More or less, this is where all the difficulty is in studying random graphs. Even though the edges are independent – whether one pair turns out to be an edge doesn’t affect another, because one coin toss doesn’t affect another – the properties we want to know about tend to involve playing a lot of little games, each one of which we will easily win but which do depend on each other in some complicated way. It’s hard to figure out if we’re likely to win the big game by winning all the little ones.

We want to know about properties for which you have to look at the whole random graph (or at least most of it), like ‘being connected’. If you only look at part of the random graph, you don’t know whether it’s connected. The other extreme is asking a question like ‘Are there four vertices with all six possible edges present?’ – if the answer is yes, I can convince you just by showing you the right four vertices. Usually we can answer questions of this type quite well.
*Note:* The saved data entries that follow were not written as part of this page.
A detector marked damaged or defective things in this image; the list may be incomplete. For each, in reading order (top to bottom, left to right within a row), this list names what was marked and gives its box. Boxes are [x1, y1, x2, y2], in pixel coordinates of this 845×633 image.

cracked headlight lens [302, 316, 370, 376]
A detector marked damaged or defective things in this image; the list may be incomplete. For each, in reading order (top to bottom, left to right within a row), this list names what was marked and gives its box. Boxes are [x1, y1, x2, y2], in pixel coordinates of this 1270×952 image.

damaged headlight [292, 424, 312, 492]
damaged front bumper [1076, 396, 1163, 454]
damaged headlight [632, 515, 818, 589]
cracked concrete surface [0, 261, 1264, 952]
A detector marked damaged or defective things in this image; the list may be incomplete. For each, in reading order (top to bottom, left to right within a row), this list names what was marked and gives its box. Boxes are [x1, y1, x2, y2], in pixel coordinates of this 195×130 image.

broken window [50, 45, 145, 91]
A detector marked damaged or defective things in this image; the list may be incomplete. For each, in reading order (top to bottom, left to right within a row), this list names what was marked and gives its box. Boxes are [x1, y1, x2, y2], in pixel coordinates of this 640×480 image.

Another example is that we might want to know whether a travelling salesman can go round all the vertices of the graph, following edges, until they return to their start without ever having to revisit vertices on their way – this is called a Hamilton cycle.

Again, it’s not too hard to show that in G(n,1/2) the answer is yes; again, if we have less edges – if we look at G(n,p) for some small p – it obviously gets less likely. As with connectivity, obviously we need every vertex to be in at least two edges for this (otherwise the salesman goes in to a vertex that’s in only one edge and can’t go out again), and it turns out that if p is large enough that with probability 99.5% every vertex is in at least two edges, then with probability at least 99% we will have the Hamilton cycle.
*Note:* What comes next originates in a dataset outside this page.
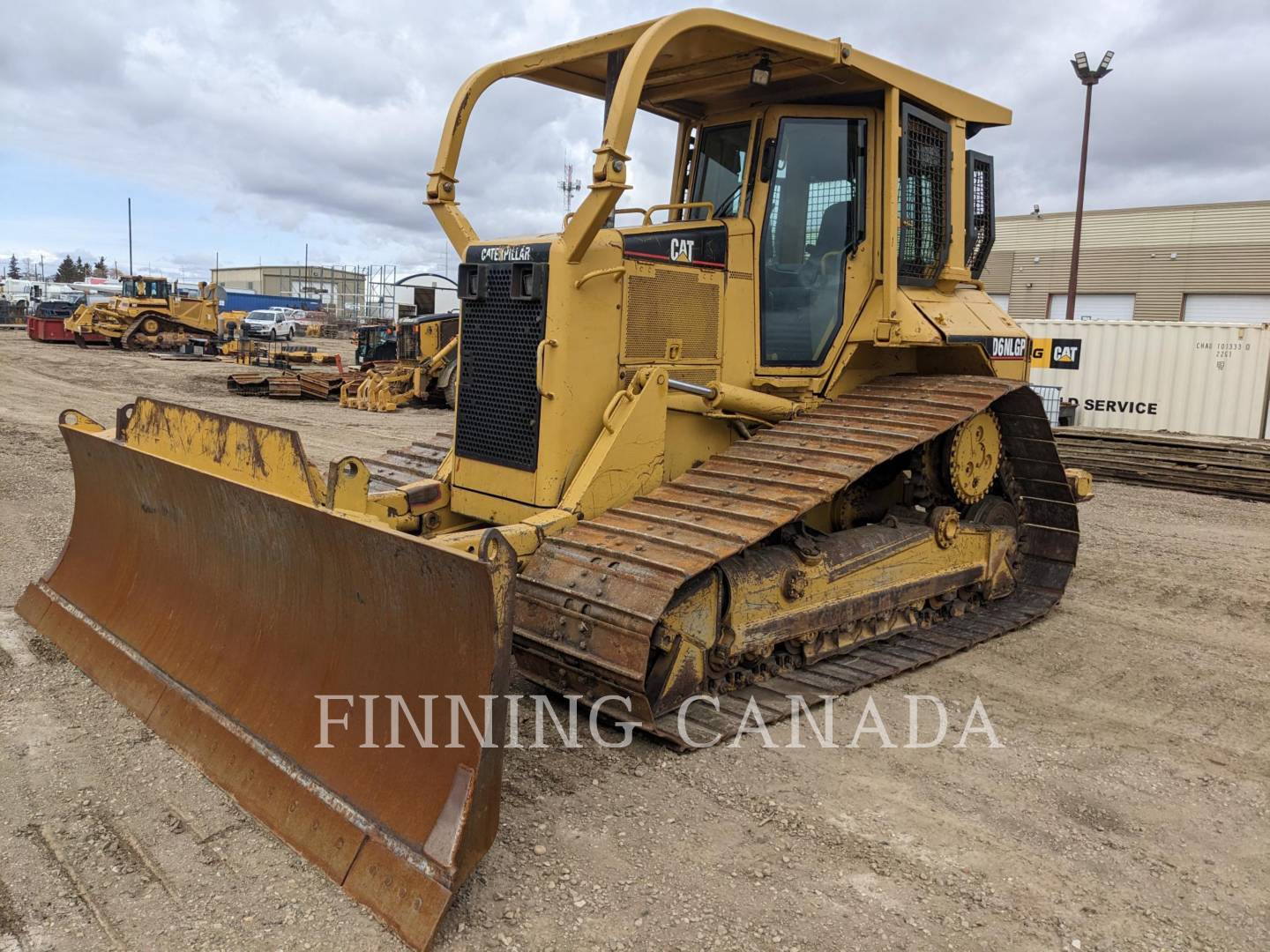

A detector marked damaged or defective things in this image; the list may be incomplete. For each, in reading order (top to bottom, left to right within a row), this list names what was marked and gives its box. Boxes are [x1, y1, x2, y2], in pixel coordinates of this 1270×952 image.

rusty blade surface [17, 413, 512, 949]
From the examples above, it sounds like we know a lot about how big p should be in order that we are confident that a specific structure shows up in G(n,p), like a Hamilton cycle. Actually, that’s not the case; for a lot of structures, not much more complicated than a Hamilton cycle, we don’t really know. We spent quite a bit of time working on a particular class of structures, ‘bounded degree graphs’, where we think we know what the answer could be. Some of the participants brought partial answers to the workshop, and putting them together it looks possible that a solution will come out.
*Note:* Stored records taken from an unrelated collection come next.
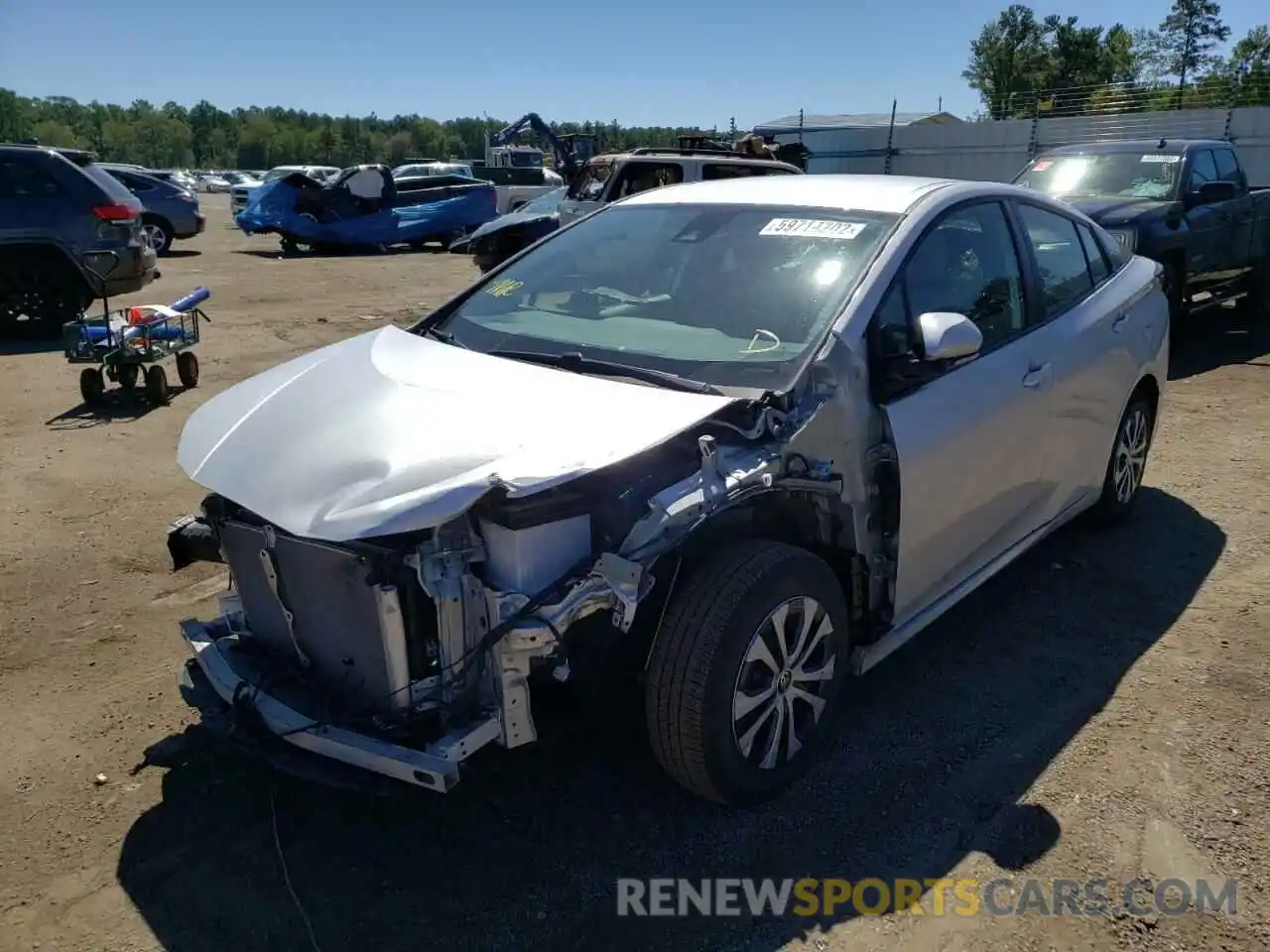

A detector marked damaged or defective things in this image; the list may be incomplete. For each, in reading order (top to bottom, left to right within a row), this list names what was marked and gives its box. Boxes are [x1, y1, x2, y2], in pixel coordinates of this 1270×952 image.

wrecked vehicle [236, 164, 498, 253]
cracked hood [179, 325, 734, 539]
damaged white sedan [167, 173, 1175, 801]
wrecked vehicle [167, 173, 1175, 801]
crumpled front bumper [174, 619, 460, 789]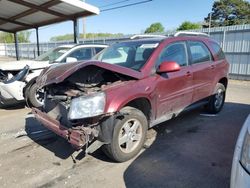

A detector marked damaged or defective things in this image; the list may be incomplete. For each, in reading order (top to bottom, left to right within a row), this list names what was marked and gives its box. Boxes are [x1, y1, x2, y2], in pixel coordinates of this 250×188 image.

crumpled hood [36, 60, 143, 88]
damaged bumper [0, 80, 25, 105]
front end damage [33, 64, 136, 151]
broken headlight [67, 92, 105, 119]
damaged bumper [31, 108, 94, 149]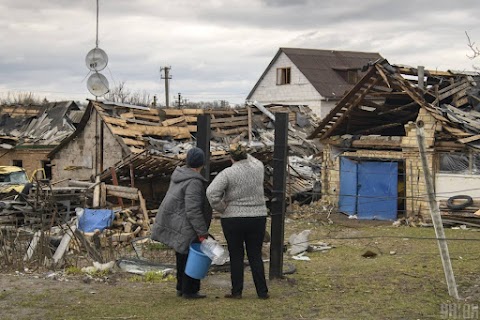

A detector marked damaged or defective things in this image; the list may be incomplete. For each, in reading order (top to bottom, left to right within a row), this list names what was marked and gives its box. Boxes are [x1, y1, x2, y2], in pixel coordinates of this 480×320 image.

damaged roof [248, 47, 382, 100]
damaged roof [310, 59, 480, 149]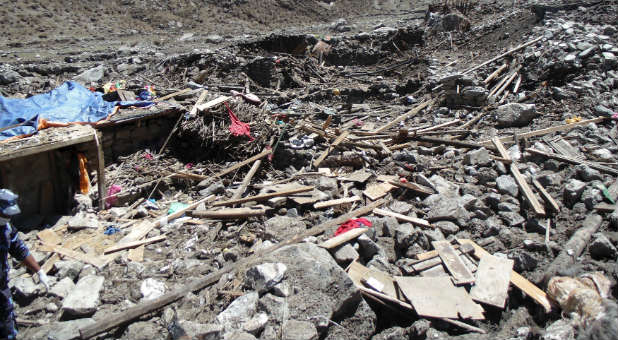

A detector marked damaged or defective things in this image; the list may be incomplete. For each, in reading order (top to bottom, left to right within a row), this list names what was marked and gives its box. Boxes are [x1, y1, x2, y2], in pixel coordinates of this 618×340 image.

broken timber [79, 198, 382, 338]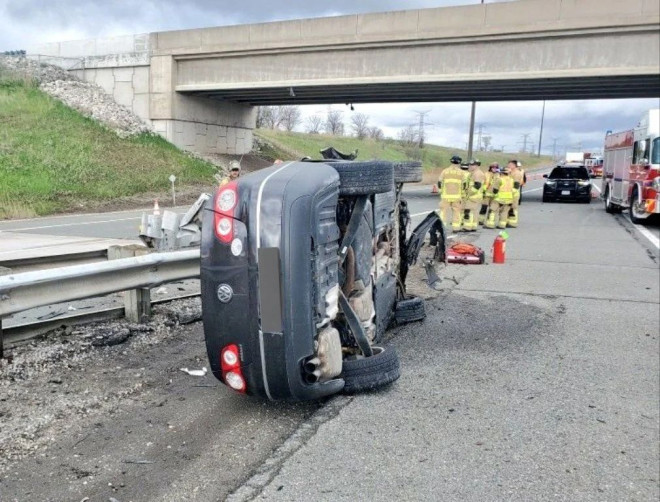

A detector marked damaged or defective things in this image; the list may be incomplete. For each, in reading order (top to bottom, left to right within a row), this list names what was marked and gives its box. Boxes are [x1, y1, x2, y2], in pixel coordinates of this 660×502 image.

detached tire [328, 161, 392, 196]
detached tire [392, 162, 422, 183]
overturned black car [199, 151, 446, 402]
detached tire [394, 294, 426, 326]
detached tire [342, 348, 400, 394]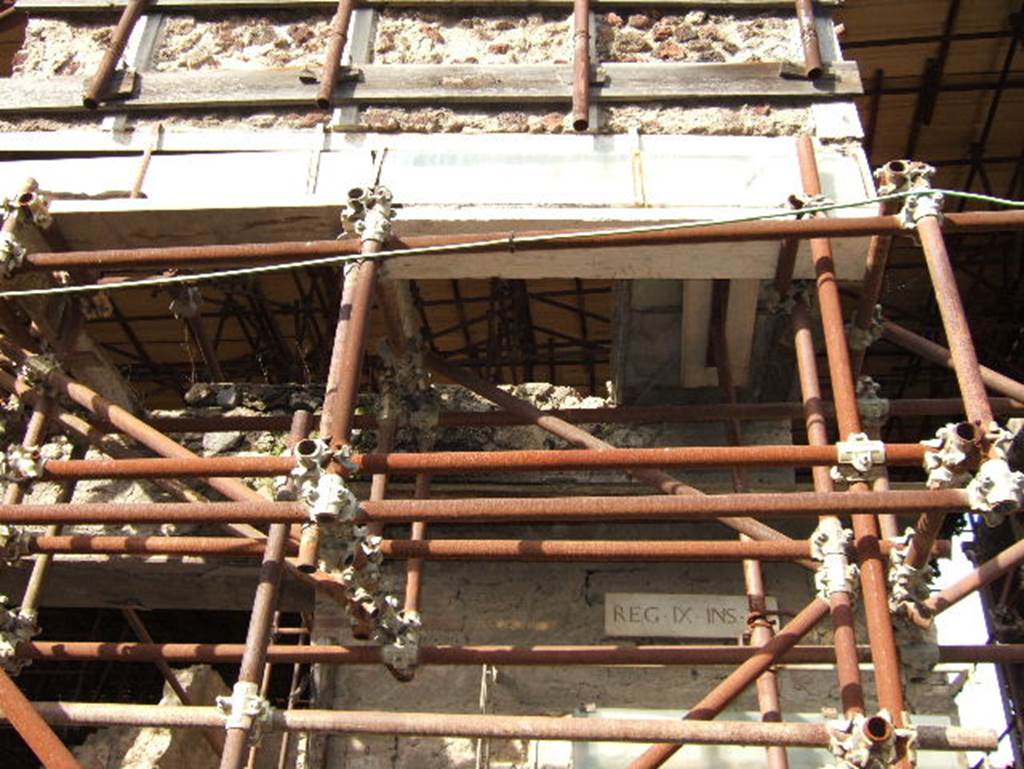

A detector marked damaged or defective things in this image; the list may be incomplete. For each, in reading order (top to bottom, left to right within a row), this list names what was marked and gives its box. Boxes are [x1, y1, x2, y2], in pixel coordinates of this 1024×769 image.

red rusted tube [82, 0, 148, 109]
rusty metal scaffolding pole [82, 0, 148, 109]
red rusted tube [317, 0, 358, 109]
rusty metal scaffolding pole [317, 0, 358, 109]
red rusted tube [573, 0, 589, 131]
rusty metal scaffolding pole [573, 0, 589, 131]
red rusted tube [790, 0, 823, 79]
rusty metal scaffolding pole [22, 210, 1024, 274]
red rusted tube [24, 207, 1024, 274]
red rusted tube [917, 215, 987, 428]
red rusted tube [880, 319, 1024, 403]
red rusted tube [37, 442, 929, 479]
red rusted tube [0, 489, 966, 528]
rusty metal scaffolding pole [419, 352, 811, 557]
rusty metal scaffolding pole [712, 280, 790, 769]
rusty metal scaffolding pole [790, 296, 864, 720]
rusty metal scaffolding pole [794, 137, 909, 745]
red rusted tube [794, 135, 909, 749]
red rusted tube [0, 667, 81, 769]
red rusted tube [0, 704, 991, 753]
rusty metal scaffolding pole [0, 704, 995, 753]
red rusted tube [18, 643, 1024, 667]
rusty metal scaffolding pole [622, 602, 831, 769]
red rusted tube [622, 602, 831, 769]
What if the Highways Agency try to obstruct the travelling salesman by doing roadworks to cut him off? If they dig up too many roads leaving one town, the residents will complain to their MP – so the agency won’t do this. Can they still block the salesman? This sort of question is called a resilience problem. We know only a couple of techniques to work on this kind of problem, and a lot of the time they don’t work. We tried one of the simplest problems where the known techniques don’t seem to work, ‘tight Hamilton cycles in hypergraphs’. Some progress was made, but we did not yet get to a solution.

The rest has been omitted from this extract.